Thorp Primary School

Curriculum

 Curriculum Statement

Our curriculum is rooted in a strong belief of equality for all pupils and is therefore designed to be ambitious for all. Expectations are high, ensuring that pupils with SEND and those who are disadvantaged apply what they know. We value a knowledge rich curriculum underpinned by carefully planned and sequenced units of work to enable cumulative knowledge and effective learning. We have discrete units of work for each subject area so that we can ensure excellent coverage of the National Curriculum and Early Years Curriculum. The curriculum is broad and balanced and offers a wide range of curricular activities involving visits out of school and visitors to school, to enhance learning and extend pupils’ cultural capital.

Curriculum Intent

At Thorp Primary School, our children have access to a broad, balanced, creative and coherent curriculum that prepares them to be school ready, work ready and life ready for the 21st century and raises aspirations.  Our curriculum ensures they are equipped with the knowledge, skills and attitudes they need to become well-rounded individuals and lifelong learners.  Our curriculum includes not only the statutory requirements of the National Curriculum but also the wide range of extra-curricular activities that the school organises to enrich the experiences of the children.  It also includes the ‘hidden curriculum’, or what the children learn from the way they are treated and expected to behave. At Thorp we support children to grow into positive, responsible people, who can work and cooperate with others. 

We want the pupils of our school to be confident: readers, writers, mathematicians, scientists, historians, geographers, musicians, artists, linguists, theologists, athletes, designers and technologists. Our curriculum has been designed with a clear intent to: 

● meet the statutory requirements of the National Curriculum 2014. 
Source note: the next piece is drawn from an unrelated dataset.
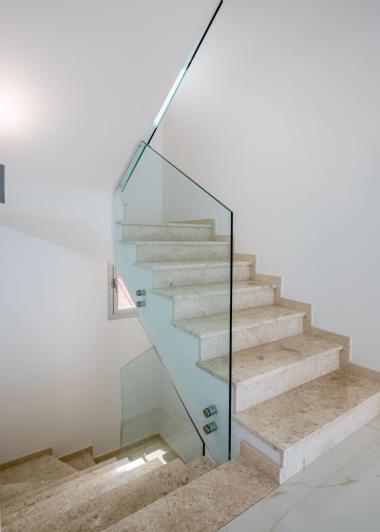 Image No.8-Villa de 3 chambres à vendre à Lachi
● provide a broad and balanced curriculum that meets the needs of all of our pupils and reflects the local context, where appropriate. 

● enable all our pupils to make progress in their learning, achieve their full potential and aim high. 

● support the acquisition of knowledge and vocabulary 

● ensure reading is given the highest priority across all aspects of the curriculum in order to develop fluency, accessibility and a love of reading within this school.

● prepare pupils for life in modern Britain and beyond Thorp Primary School and its locality. 

● develop the pupils’ understanding, appreciation and celebration of difference – culturally and socially (locally, nationally and globally) . This is purposeful in the recognition of the mono culture demographic of the school. Thus enabling pupils to be reflective, empathetic individuals who will become responsible and effective contributors to society 

● develop building learning skills (including resilience, confident communication)

● engage, inspire and hook pupils into their learning through a wide range of first hand experiences - providing pupils with memorable and rich opportunities which adds value and further promotes cultural capital.

Curriculum Implementation

At the heart of our curriculum are the core subjects of English, Mathematics and Science. We also value our wider curriculum, covering all other National Curriculum subjects and these foundation subjects are taught as discrete subject specific units/topics of learning but make tangible cross-curricular learning links which are meaningful where appropriate, relevant and help to secure prior learning or develop learning further.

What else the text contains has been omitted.